Exercise aim
Among the entries below, take the line with "Bloom & Butterfly" and the line with "Картина на холсте", and output them and every line between them exactly, with nothing else.

Records from a data collection
_ _ _ _ _
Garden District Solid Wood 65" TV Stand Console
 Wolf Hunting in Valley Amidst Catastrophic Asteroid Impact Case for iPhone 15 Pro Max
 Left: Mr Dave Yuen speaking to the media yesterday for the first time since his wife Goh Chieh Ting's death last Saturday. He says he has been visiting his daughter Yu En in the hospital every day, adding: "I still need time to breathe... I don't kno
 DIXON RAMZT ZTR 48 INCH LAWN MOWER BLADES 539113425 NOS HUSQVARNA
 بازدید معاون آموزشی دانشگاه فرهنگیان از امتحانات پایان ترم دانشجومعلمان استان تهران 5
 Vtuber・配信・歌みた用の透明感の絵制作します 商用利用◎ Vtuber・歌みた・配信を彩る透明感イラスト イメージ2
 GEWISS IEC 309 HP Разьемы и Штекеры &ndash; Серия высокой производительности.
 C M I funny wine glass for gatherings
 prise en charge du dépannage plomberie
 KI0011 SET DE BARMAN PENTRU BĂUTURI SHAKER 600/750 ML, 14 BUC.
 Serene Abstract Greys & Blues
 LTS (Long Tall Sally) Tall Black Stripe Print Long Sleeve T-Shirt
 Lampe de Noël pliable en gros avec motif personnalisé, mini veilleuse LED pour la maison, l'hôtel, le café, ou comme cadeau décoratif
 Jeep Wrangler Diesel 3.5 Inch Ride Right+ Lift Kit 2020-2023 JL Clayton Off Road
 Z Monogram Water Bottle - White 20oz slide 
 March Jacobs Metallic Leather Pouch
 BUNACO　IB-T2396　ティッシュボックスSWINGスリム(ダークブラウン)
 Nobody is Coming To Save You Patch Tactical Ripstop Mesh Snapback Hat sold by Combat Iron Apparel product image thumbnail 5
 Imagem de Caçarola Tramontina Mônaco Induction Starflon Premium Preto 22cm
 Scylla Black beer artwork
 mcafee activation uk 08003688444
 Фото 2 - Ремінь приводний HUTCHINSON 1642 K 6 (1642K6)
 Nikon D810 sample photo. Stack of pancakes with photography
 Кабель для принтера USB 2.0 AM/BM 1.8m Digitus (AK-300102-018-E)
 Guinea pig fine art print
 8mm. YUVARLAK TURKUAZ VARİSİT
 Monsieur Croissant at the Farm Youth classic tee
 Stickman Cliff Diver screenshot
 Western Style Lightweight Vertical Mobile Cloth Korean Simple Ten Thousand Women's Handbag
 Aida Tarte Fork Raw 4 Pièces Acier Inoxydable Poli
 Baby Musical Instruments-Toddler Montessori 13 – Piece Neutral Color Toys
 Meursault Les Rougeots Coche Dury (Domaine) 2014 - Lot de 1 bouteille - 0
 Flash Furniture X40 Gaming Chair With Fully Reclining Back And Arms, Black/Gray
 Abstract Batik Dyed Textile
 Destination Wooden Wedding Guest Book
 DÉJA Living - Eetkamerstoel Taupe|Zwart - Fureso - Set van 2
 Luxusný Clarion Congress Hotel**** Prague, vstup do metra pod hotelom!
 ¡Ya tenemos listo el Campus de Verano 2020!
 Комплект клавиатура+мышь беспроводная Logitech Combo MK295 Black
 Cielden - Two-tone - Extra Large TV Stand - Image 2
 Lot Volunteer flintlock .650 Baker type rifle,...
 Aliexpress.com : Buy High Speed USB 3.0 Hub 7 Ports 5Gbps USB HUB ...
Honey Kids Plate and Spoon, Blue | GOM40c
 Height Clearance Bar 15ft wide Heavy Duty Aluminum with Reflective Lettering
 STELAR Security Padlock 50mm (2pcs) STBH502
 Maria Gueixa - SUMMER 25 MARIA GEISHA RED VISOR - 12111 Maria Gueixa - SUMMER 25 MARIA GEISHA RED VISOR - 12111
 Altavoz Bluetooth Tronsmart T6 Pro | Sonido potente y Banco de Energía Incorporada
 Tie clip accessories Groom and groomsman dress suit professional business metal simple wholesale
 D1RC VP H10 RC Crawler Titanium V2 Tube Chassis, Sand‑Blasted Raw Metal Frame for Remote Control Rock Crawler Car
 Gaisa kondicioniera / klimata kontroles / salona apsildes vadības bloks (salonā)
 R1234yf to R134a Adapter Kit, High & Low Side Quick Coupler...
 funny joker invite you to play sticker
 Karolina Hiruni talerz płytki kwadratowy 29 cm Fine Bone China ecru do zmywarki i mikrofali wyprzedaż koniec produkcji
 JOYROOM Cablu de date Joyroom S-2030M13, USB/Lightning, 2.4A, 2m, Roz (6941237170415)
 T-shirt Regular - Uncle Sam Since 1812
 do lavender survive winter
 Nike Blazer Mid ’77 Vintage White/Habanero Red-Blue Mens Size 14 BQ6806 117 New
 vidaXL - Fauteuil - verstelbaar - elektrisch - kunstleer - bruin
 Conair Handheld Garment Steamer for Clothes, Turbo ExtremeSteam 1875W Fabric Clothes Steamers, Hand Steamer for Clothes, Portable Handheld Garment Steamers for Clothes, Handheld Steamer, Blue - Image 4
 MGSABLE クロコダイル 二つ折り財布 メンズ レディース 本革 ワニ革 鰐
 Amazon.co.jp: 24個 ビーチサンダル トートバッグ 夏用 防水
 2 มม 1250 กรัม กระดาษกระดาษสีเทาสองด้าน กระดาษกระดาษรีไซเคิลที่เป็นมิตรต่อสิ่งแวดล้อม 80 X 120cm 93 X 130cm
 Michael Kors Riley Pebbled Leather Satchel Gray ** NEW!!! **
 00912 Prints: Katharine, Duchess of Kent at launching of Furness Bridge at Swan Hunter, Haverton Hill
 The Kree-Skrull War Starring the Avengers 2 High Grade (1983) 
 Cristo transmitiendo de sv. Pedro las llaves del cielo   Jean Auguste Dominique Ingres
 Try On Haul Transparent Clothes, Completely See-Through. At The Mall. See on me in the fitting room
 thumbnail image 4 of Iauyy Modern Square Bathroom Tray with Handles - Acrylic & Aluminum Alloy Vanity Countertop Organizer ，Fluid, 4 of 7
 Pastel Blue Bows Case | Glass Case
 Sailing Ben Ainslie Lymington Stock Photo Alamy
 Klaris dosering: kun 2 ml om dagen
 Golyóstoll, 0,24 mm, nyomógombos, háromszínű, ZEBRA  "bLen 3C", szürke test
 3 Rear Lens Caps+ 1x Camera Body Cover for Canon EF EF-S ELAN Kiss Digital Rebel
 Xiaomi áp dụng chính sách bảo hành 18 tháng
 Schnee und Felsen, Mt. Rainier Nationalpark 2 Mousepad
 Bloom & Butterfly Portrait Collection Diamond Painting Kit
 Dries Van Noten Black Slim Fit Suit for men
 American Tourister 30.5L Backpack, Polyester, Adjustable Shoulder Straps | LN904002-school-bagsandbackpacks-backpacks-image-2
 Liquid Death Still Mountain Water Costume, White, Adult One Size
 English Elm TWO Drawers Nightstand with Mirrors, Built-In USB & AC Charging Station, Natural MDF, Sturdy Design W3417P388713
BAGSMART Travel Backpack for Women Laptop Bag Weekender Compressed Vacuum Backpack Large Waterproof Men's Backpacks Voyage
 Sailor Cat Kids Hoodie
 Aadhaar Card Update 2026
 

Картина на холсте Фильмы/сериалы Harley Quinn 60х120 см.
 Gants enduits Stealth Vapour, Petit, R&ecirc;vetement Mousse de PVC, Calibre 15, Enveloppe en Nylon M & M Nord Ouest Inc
_ _ _ _ _
Answer for the task
 Bloom & Butterfly Portrait Collection Diamond Painting Kit
 Dries Van Noten Black Slim Fit Suit for men
 American Tourister 30.5L Backpack, Polyester, Adjustable Shoulder Straps | LN904002-school-bagsandbackpacks-backpacks-image-2
 Liquid Death Still Mountain Water Costume, White, Adult One Size
 English Elm TWO Drawers Nightstand with Mirrors, Built-In USB & AC Charging Station, Natural MDF, Sturdy Design W3417P388713
BAGSMART Travel Backpack for Women Laptop Bag Weekender Compressed Vacuum Backpack Large Waterproof Men's Backpacks Voyage
 Sailor Cat Kids Hoodie
 Aadhaar Card Update 2026
 

Картина на холсте Фильмы/сериалы Harley Quinn 60х120 см.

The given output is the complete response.